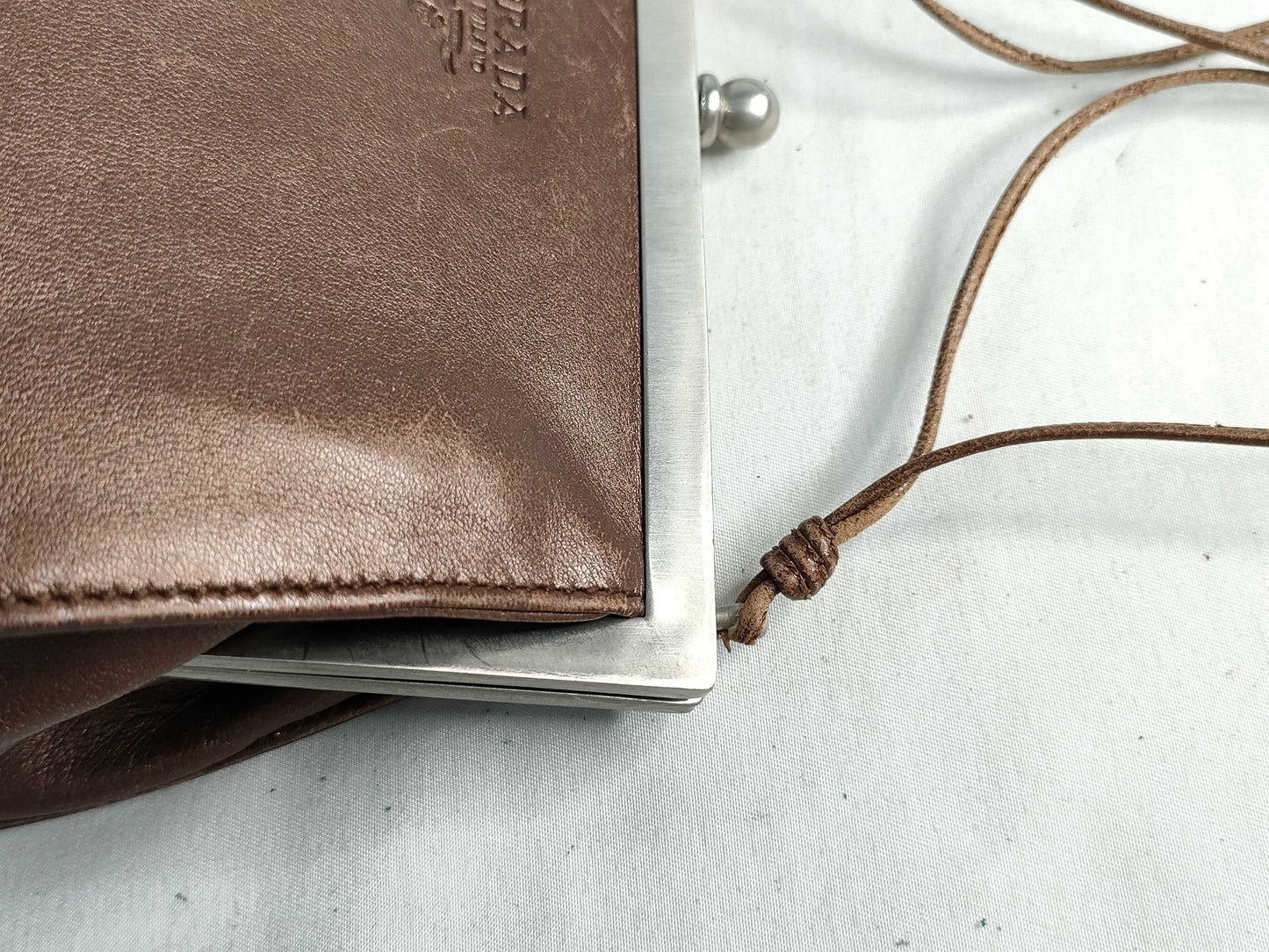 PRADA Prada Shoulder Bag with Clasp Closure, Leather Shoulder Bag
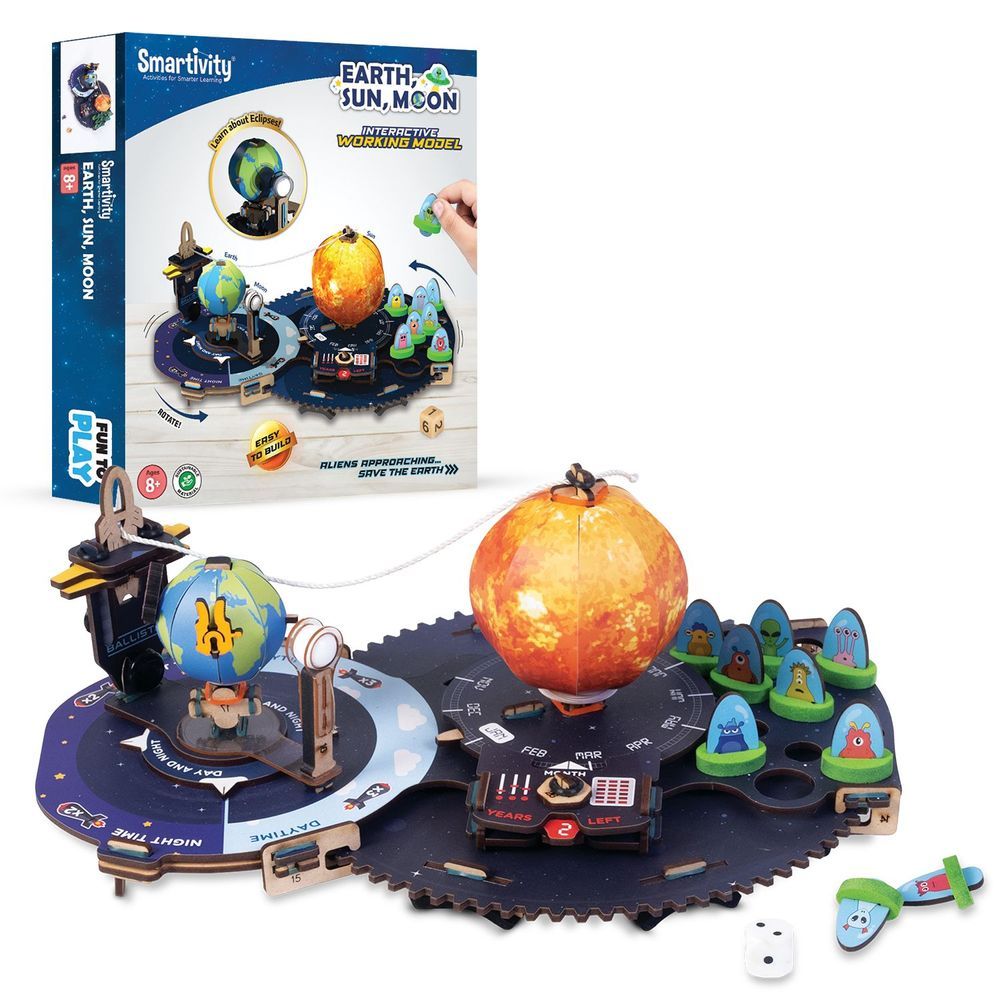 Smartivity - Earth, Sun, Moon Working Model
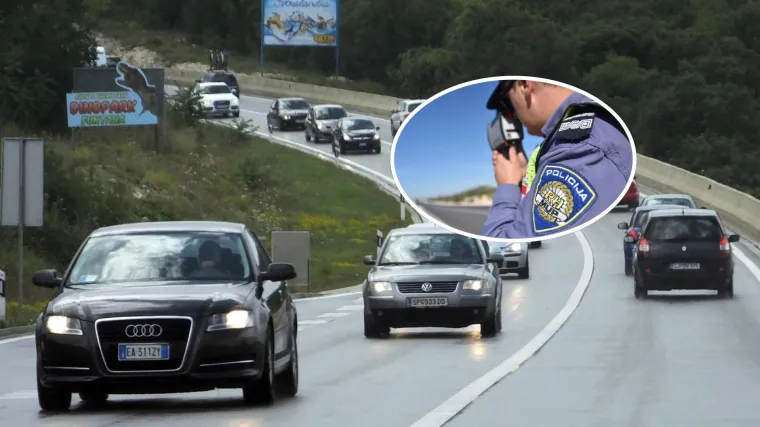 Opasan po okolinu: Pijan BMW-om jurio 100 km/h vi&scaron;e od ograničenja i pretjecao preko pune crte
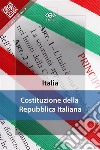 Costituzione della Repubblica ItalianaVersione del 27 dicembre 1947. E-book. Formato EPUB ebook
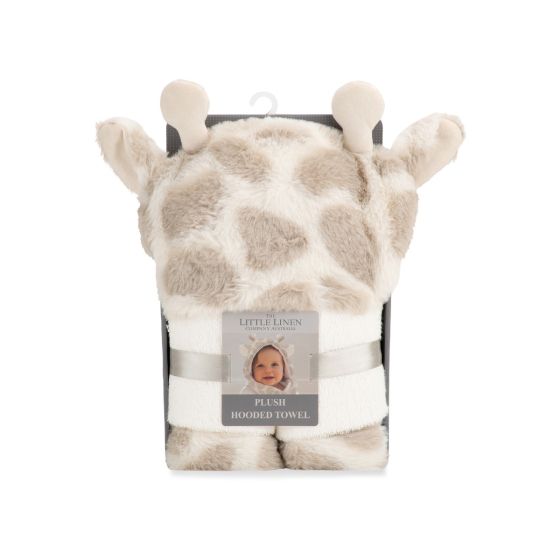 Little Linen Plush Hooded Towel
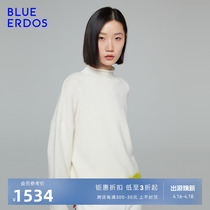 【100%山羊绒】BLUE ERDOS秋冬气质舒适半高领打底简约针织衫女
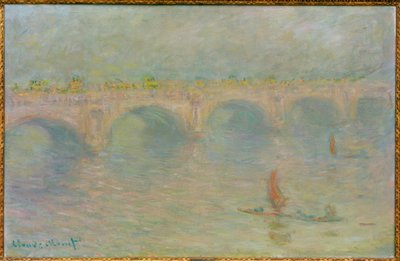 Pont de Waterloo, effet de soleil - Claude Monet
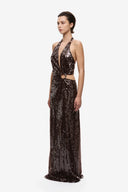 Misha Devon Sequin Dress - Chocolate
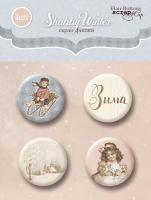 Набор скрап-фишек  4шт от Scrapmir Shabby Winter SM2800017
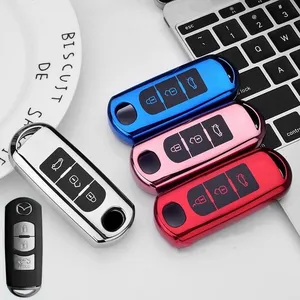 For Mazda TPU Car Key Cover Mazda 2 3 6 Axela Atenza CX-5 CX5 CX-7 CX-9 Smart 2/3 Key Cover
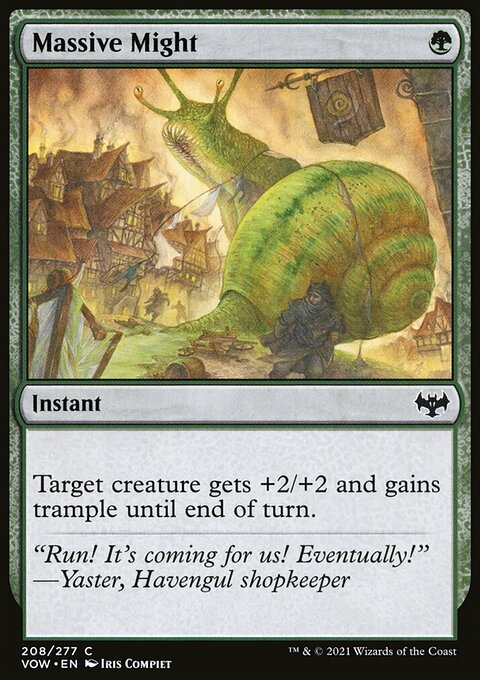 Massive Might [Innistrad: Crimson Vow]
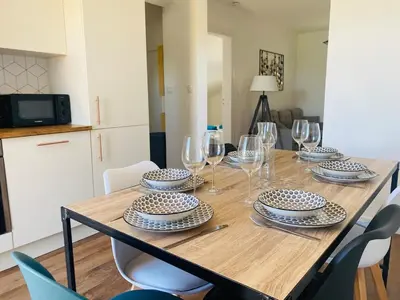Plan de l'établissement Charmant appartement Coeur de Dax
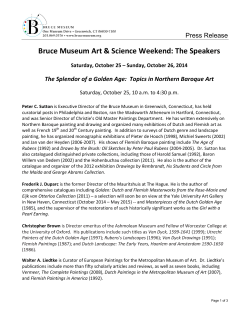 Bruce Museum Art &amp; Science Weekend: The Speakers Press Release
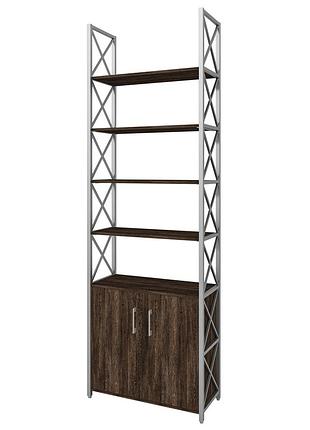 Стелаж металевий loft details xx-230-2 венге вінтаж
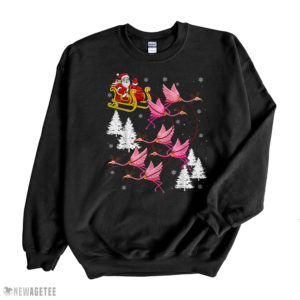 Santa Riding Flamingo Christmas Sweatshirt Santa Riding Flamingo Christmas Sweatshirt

Exercise objective. Transcribe each of the records above precisely, with no pictures in the copy.

Problem solution.
 PRADA Prada Shoulder Bag with Clasp Closure, Leather Shoulder Bag
 Smartivity - Earth, Sun, Moon Working Model
 Opasan po okolinu: Pijan BMW-om jurio 100 km/h vi&scaron;e od ograničenja i pretjecao preko pune crte
 Costituzione della Repubblica ItalianaVersione del 27 dicembre 1947. E-book. Formato EPUB ebook
 Little Linen Plush Hooded Towel
 【100%山羊绒】BLUE ERDOS秋冬气质舒适半高领打底简约针织衫女
 Pont de Waterloo, effet de soleil - Claude Monet
 Misha Devon Sequin Dress - Chocolate
 Набор скрап-фишек  4шт от Scrapmir Shabby Winter SM2800017
 For Mazda TPU Car Key Cover Mazda 2 3 6 Axela Atenza CX-5 CX5 CX-7 CX-9 Smart 2/3 Key Cover
 Massive Might [Innistrad: Crimson Vow]
Plan de l'établissement Charmant appartement Coeur de Dax
 Bruce Museum Art &amp; Science Weekend: The Speakers Press Release
 Стелаж металевий loft details xx-230-2 венге вінтаж
 Santa Riding Flamingo Christmas Sweatshirt Santa Riding Flamingo Christmas Sweatshirt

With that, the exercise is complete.